Background: Unlike one-snap data collection methods that only identify high-risk patients, machine learning models using time-series data can predict adverse events and aid in the timely management of cancer.
Objective: This study aimed to develop and validate machine learning models for sunitinib- and sorafenib-associated thyroid dysfunction using a time-series data collection approach.
Methods: Time series data of patients first prescribed sunitinib or sorafenib were collected from a deidentified clinical research database. Logistic regression, random forest, adaptive Boosting, Light Gradient-Boosting Machine, and Gradient Boosting Decision Tree were used to develop the models. Prediction performances were compared using the accuracy, precision, recall, F1-score, area under the receiver operating characteristic curve, and area under the precision-recall curve. The optimal threshold for the best-performing model was selected based on the maximum F1-score. SHapley Additive exPlanations analysis was conducted to assess feature importance and contributions at both the cohort and patient levels.

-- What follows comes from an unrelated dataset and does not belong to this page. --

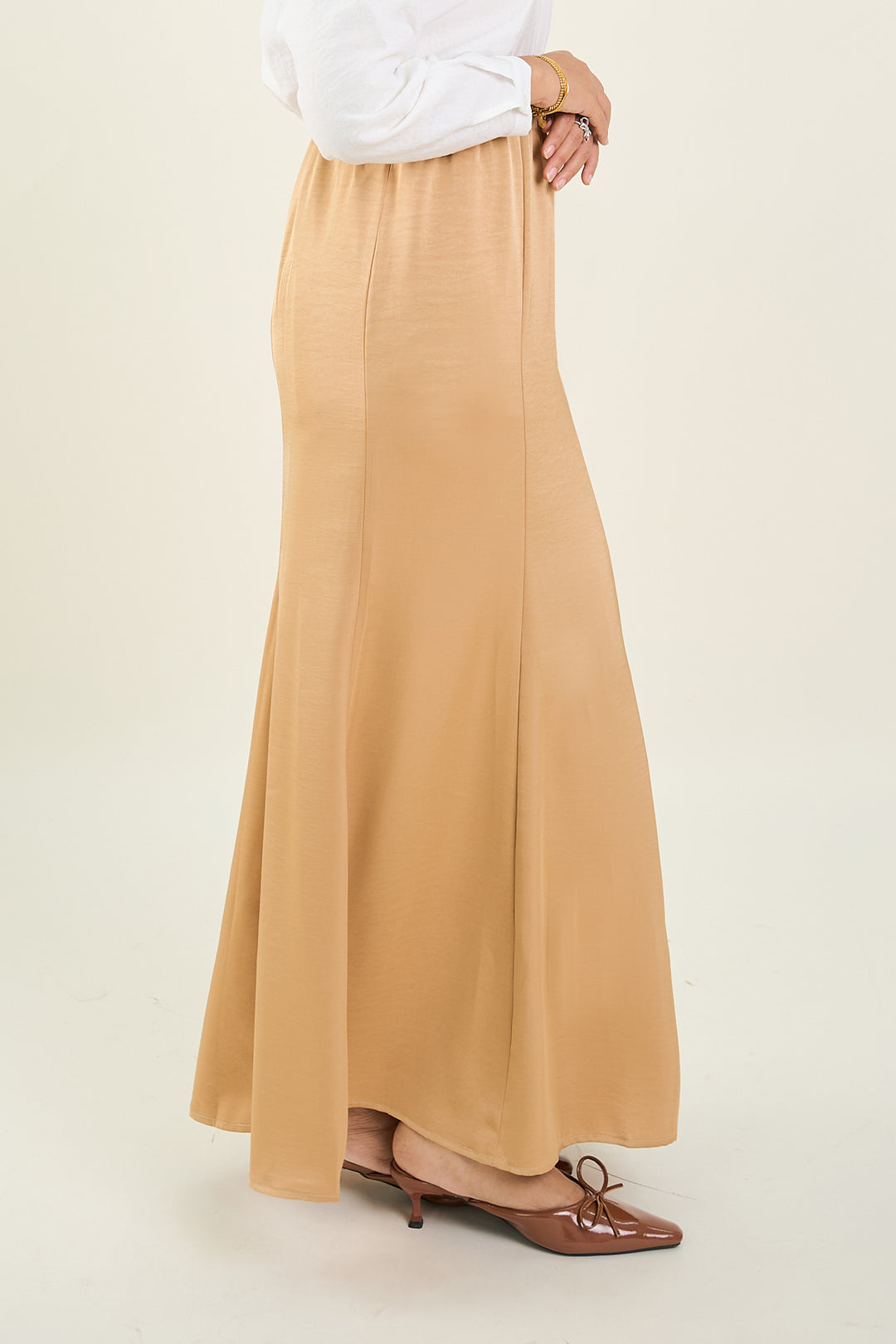 Grace Satin Mermaid Skirt Latte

Results: The training cohort included 609 patients, while the temporal validation cohort had 198 patients. The Gradient Boosting Decision Tree model without resampling outperformed other models, with area under the precision-recall curve of 0.600, area under the receiver operating characteristic curve of 0.876, and F1-score of 0.583 after adjusting the threshold. The SHapley Additive exPlanations analysis identified higher cholesterol levels, longer summed days of medication use, and clear cell adenocarcinoma histology as the most important features. The final model was further integrated into a web-based application.
Conclusions: This model can serve as an explainable adverse drug reaction surveillance system for predicting sunitinib- and sorafenib-associated thyroid dysfunction.